These operations are repeated for the light sensors (10.1-10.n) with time T1 as one cycle in the present device, which enables image data to be input continuously.
To explain, at time t11' after time T1 from time t11, the output switch (5.1) in the light sensor (10.1) is turned on again, and the light accumulated from time t13 is converted into a potential and transmitted to the buffer circuit (11). Also at times t12', t13' and t14' after the time T0 from the times t12, t13 and t14, operations at times t12, t13 and t14 are repeated.
Thus, in the device according to this embodiment, a potential variation where there is no influence from the offset potential can be extracted from the output of each light sensor by inserting the transmission capacitance into the buffer circuit. Therefore, the influence of a very small offset potential inherent to the operational amplifiers used in the light sensors can also be removed, thereby enabling the prevention of variance even with a very weak light intensity, and the output of the potential variation according to the light intensity. Thus, in the light sensor of this embodiment, linearity is maintained even in a low light intensity region, which is highly susceptible to the influence of the offset potential, and highly accurate image data without variance can be output. Moreover, since output signals that are at a higher level when the light intensity is higher can be output as in the conventional devices, a device with high interchangeability, which is easy to use can be realized.
EMBODIMENT 3
FIG. 10 shows the circuitry of the light sensor device according to a further embodiment of the present invention. This sensor device also consists of light sensors (10.1-10.n) comprising "n" photodiodes. An individual light sensor (10) comprises the photodiode (1), operational amplifier (2) into which the output of the photodiode (1) is input, integration capacitance (3) connected in parallel with the operational amplifier (2), and resetting switch (6) in the same manner as in Embodiment 1. The parts among these components that are common to those in Embodiment 1 are assigned the same numerals, and their explanations are omitted. This light sensor device is characterized in that the resetting switch (7) installed at the gate electrode (8G) in the source follower (8) converting the output impedance of the light sensors (10.1-10.n) is removed, by which output at even higher speeds is possible.
To prevent any confusion with the output for the next light sensor, the output side of the source follower (8) is reset to a lower potential by use of the resetting switch (9) after the output from the light sensors (10.1-10.n) has been transmitted.
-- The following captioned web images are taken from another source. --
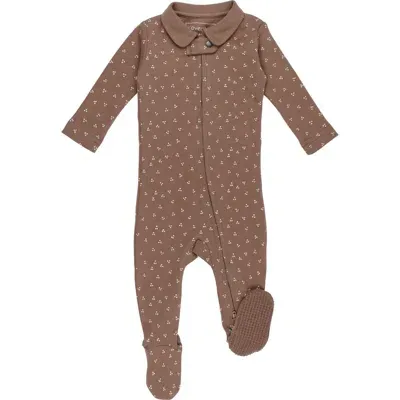 L'ovedbaby Polo Organic Cotton Zip Footie In Latte Dots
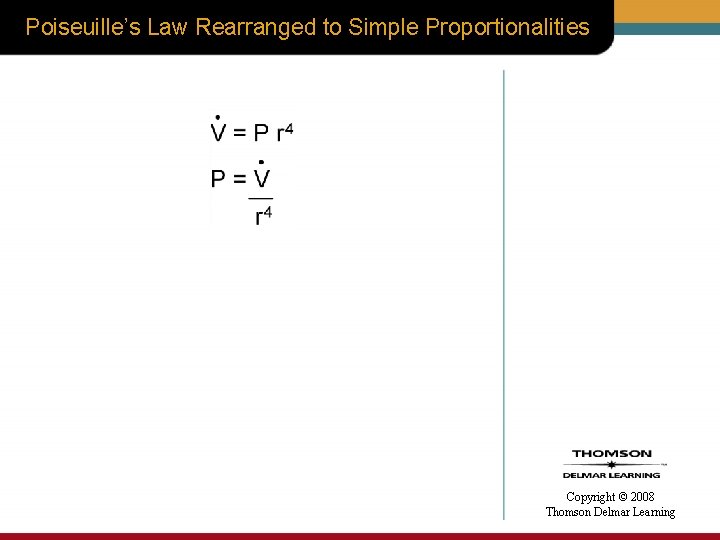 Poiseuille’s Law Rearranged to Simple Proportionalities • Copyright © 2008 Thomson Delmar Learning 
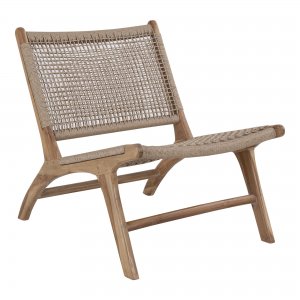 Zahradní křeslo Derby, teak/polyratan, přírodní, 60×80×73 cm – House Nordic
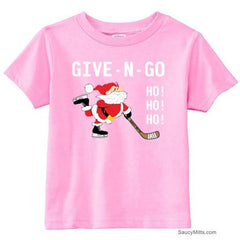 Give N Go Hockey Santa Toddler Shirt light pink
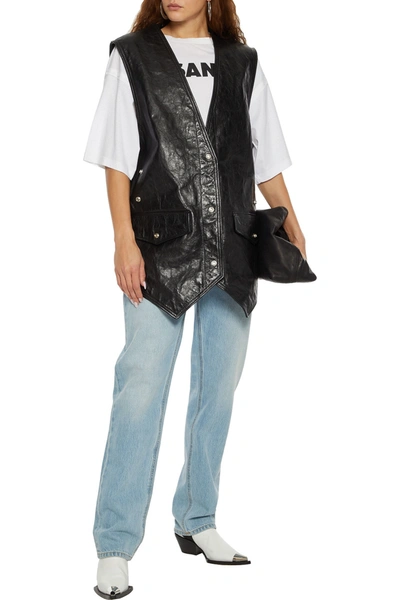 Shop Acne Studios Carletta Oversized Snap-detailed Crinkled-leather Vest In Black
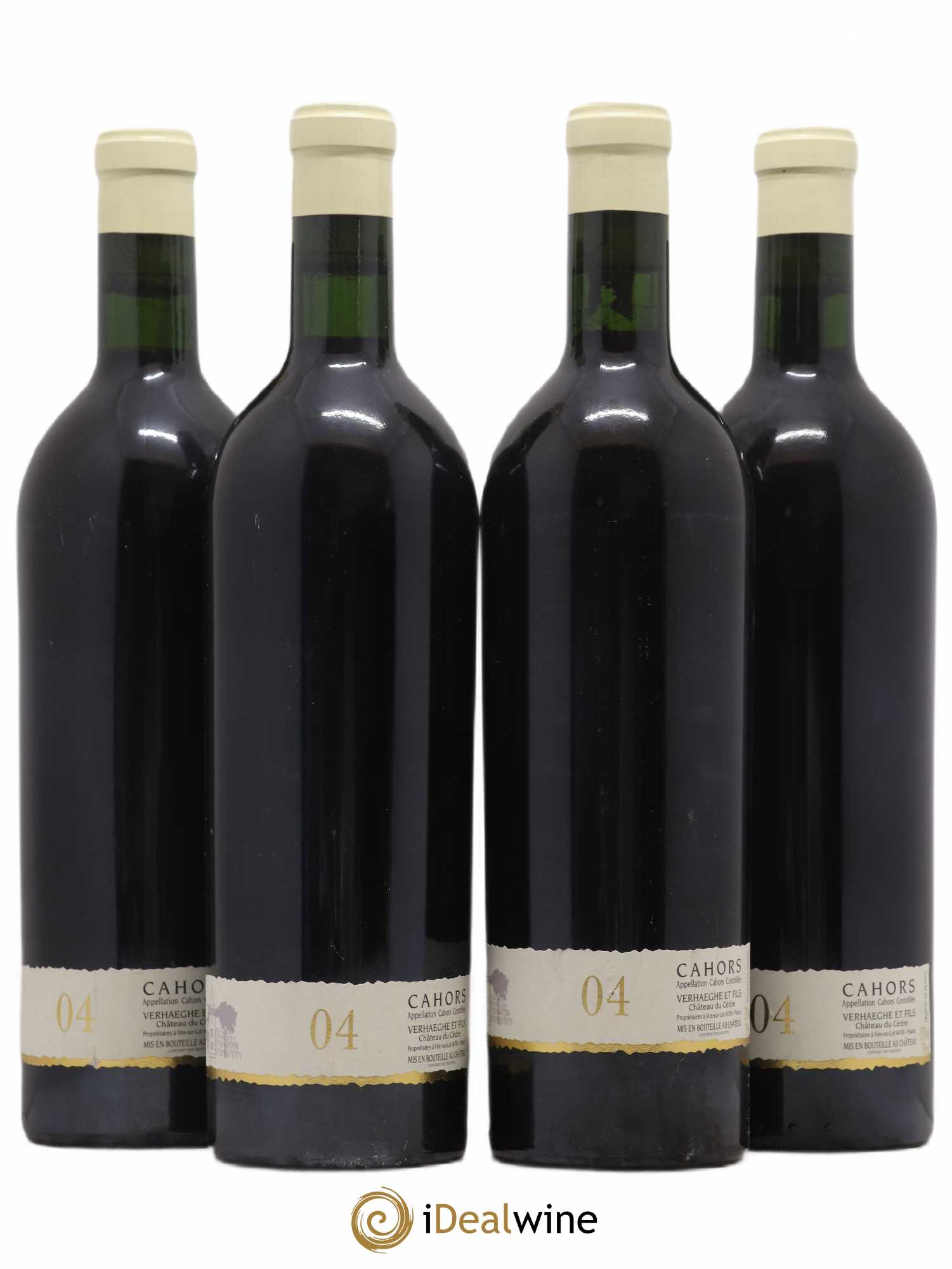 Cahors Château du Cèdre GC Pascal et Jean-Marc Verhaeghe 2004 - Lot de 4 bouteilles - 1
If at this time the output potential from the light sensors applied to the source follower (8) is in excess of the MOSFET threshold potential of the source follower (8), a large through-current can flow through the resetting switch, which can be a big problem in terms of power consumption. Therefore, the output side of the light sensor, that is, the gate potential at the source follower (8) is made low enough to prevent this through-current from flowing, by turning the resetting switch (7) on with the same timing as the resetting switch (9) on the output side of the source follower (8) is turned on.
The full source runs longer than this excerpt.